**Record extracts:**

+++++

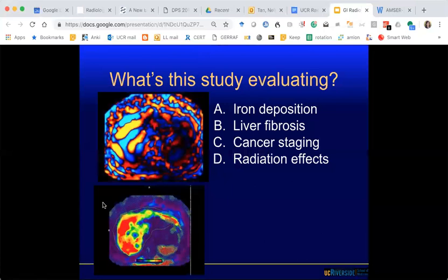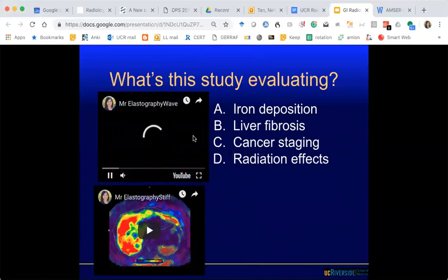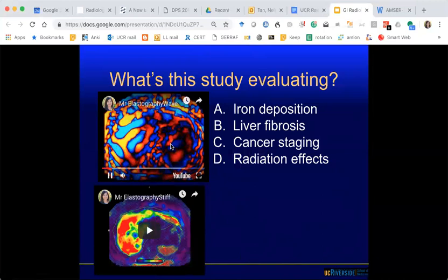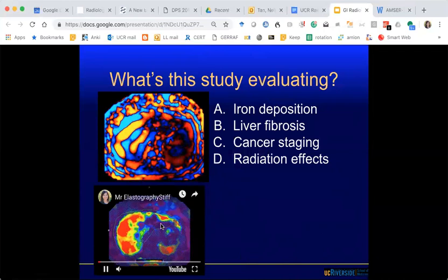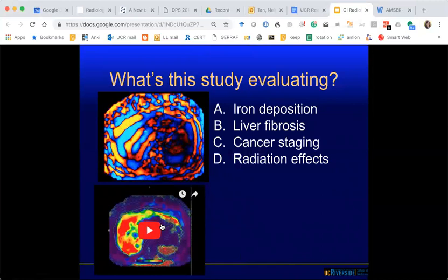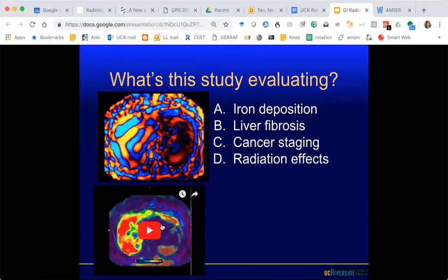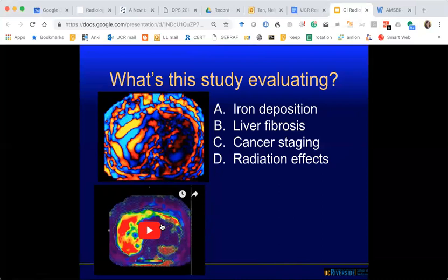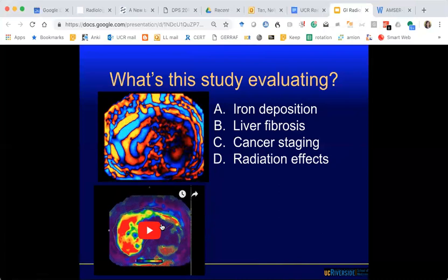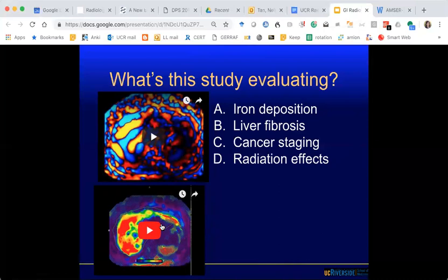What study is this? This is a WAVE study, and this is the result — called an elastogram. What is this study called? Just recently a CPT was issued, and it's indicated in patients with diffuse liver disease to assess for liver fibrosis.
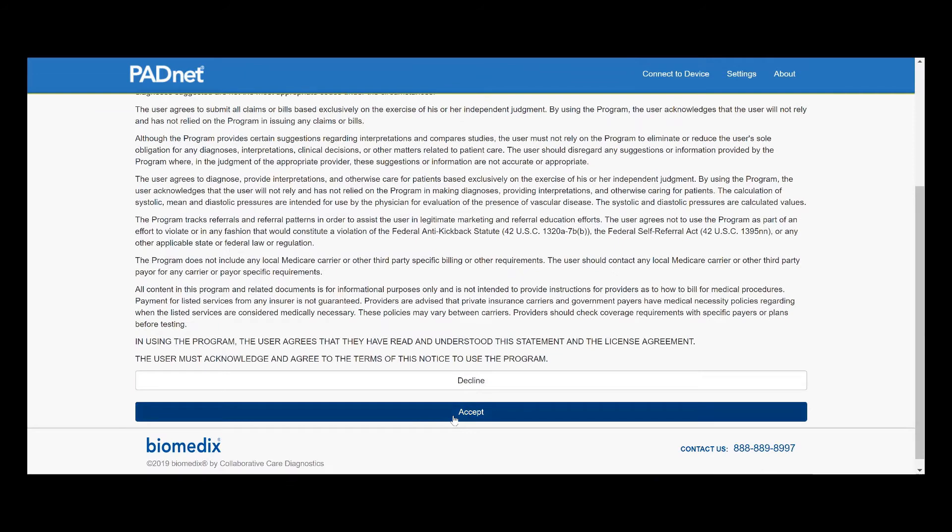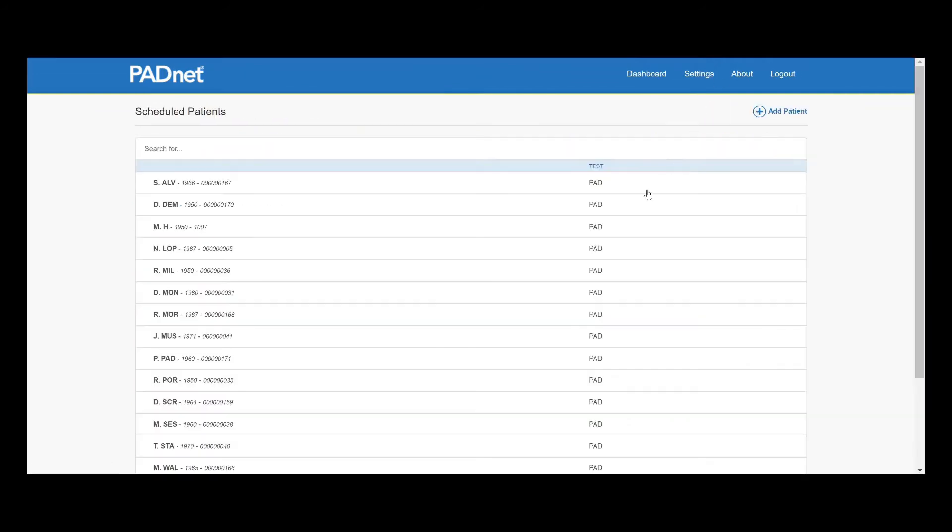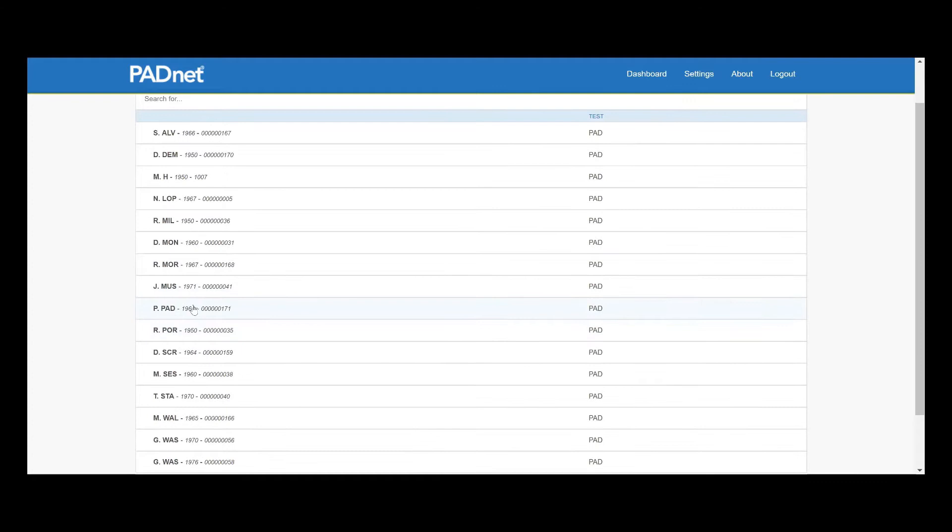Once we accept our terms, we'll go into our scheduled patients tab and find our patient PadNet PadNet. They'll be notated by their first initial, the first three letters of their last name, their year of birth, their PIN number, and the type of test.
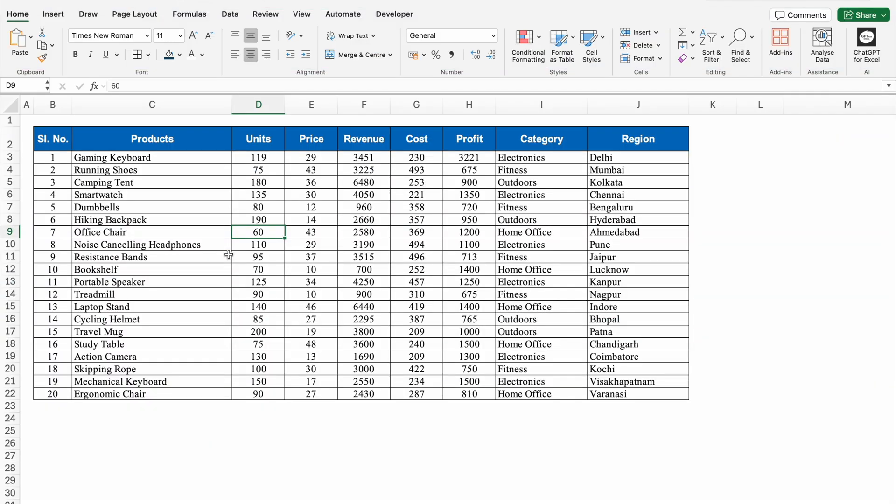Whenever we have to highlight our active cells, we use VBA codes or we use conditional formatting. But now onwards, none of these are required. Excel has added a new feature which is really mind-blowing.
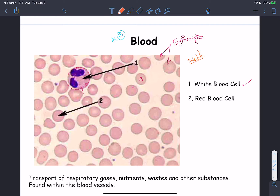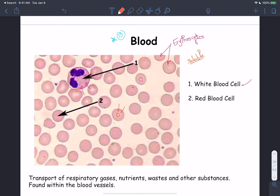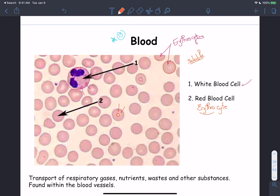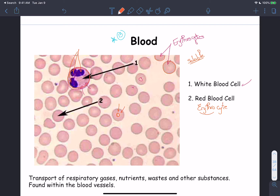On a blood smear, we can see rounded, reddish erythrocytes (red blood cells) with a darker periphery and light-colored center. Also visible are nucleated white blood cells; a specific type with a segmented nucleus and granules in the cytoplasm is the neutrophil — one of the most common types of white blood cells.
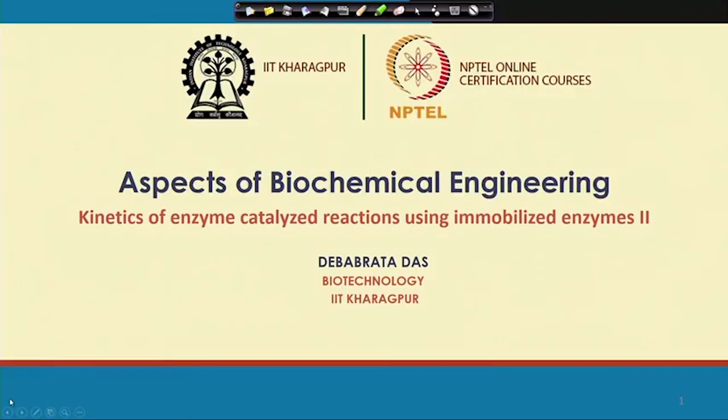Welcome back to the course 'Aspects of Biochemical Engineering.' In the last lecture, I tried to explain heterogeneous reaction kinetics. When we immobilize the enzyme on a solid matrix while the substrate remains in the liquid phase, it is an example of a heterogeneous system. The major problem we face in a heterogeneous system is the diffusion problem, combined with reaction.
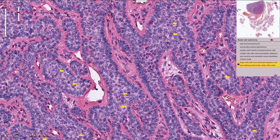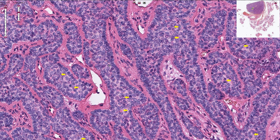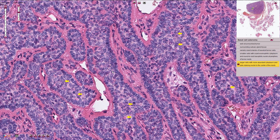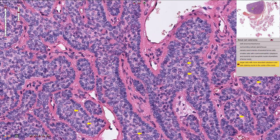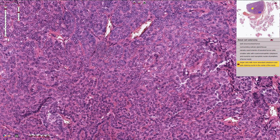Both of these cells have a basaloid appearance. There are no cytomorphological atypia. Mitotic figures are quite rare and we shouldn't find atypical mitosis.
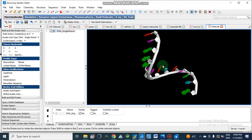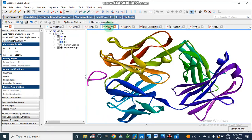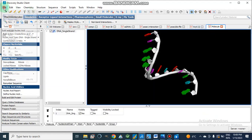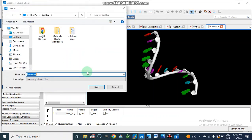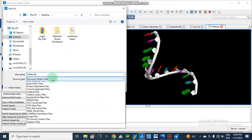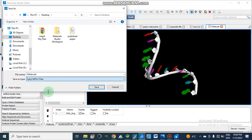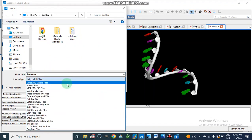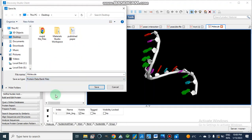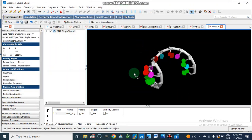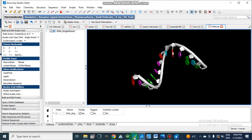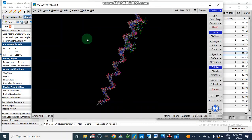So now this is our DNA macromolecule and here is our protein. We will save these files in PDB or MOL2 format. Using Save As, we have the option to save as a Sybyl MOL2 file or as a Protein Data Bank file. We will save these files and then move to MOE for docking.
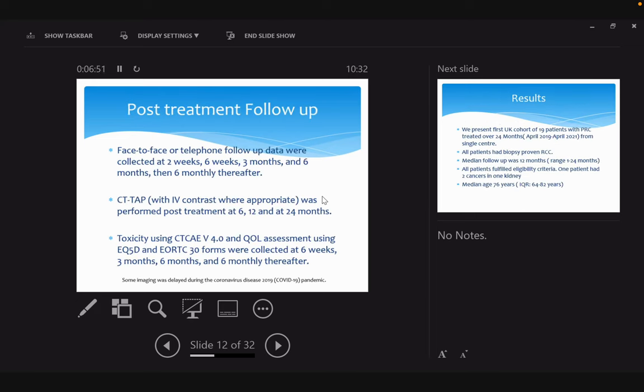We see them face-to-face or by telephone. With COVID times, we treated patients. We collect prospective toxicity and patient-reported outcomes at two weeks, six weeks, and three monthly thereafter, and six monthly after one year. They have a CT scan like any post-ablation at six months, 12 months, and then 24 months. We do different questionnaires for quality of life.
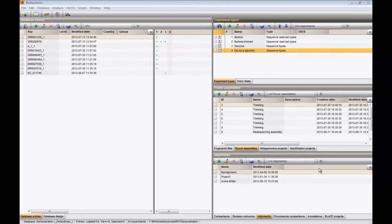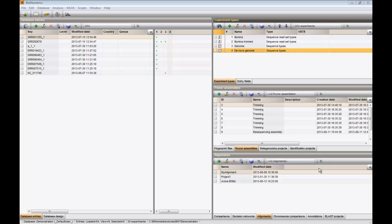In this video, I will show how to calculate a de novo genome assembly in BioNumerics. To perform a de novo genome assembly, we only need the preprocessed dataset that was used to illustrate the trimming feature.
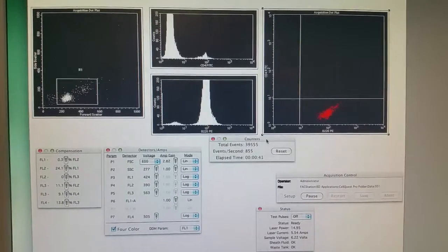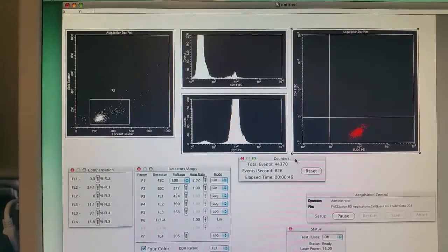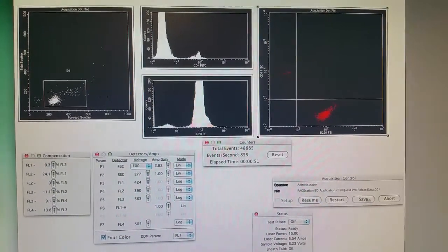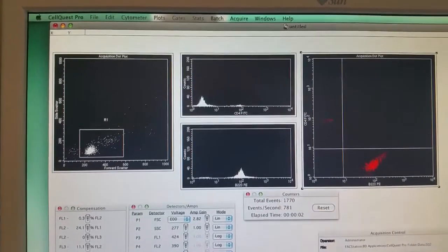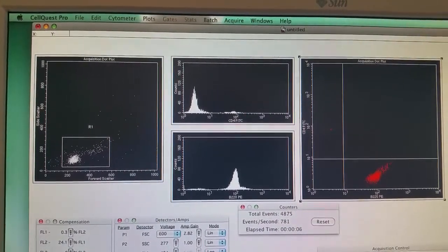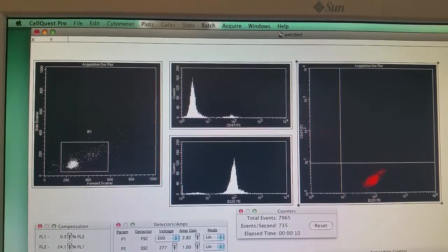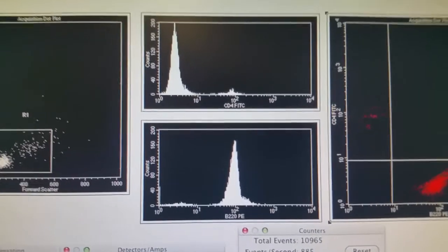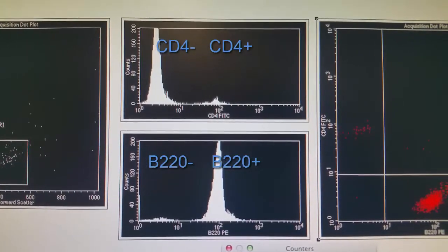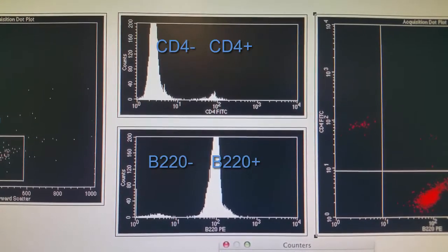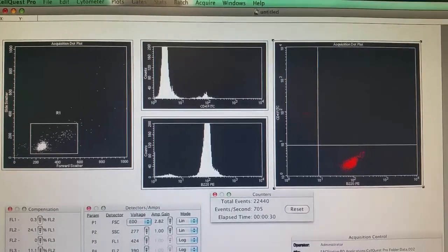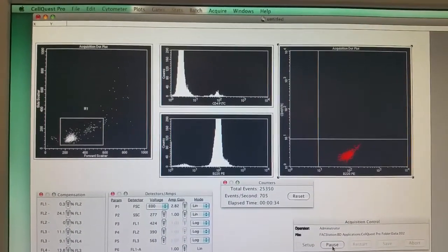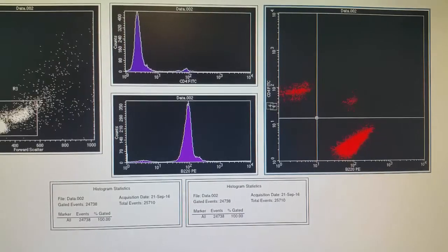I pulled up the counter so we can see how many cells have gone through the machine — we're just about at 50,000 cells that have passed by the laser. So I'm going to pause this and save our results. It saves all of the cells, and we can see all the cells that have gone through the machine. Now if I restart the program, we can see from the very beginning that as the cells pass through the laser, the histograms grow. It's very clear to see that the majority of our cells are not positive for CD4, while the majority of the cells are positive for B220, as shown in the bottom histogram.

+++++

**Exercise directions:** After dropping the pictures, please set down the lines from the beginning of the listing through the line containing "On a blood smear, we", both included, exactly as they stand.

**Completed exercise:**
What study is this? This is a WAVE study, and this is the result — called an elastogram. What is this study called? Just recently a CPT was issued, and it's indicated in patients with diffuse liver disease to assess for liver fibrosis.
Once we accept our terms, we'll go into our scheduled patients tab and find our patient PadNet PadNet. They'll be notated by their first initial, the first three letters of their last name, their year of birth, their PIN number, and the type of test.
Whenever we have to highlight our active cells, we use VBA codes or we use conditional formatting. But now onwards, none of these are required. Excel has added a new feature which is really mind-blowing.
On a blood smear, we can see rounded, reddish erythrocytes (red blood cells) with a darker periphery and light-colored center. Also visible are nucleated white blood cells; a specific type with a segmented nucleus and granules in the cytoplasm is the neutrophil — one of the most common types of white blood cells.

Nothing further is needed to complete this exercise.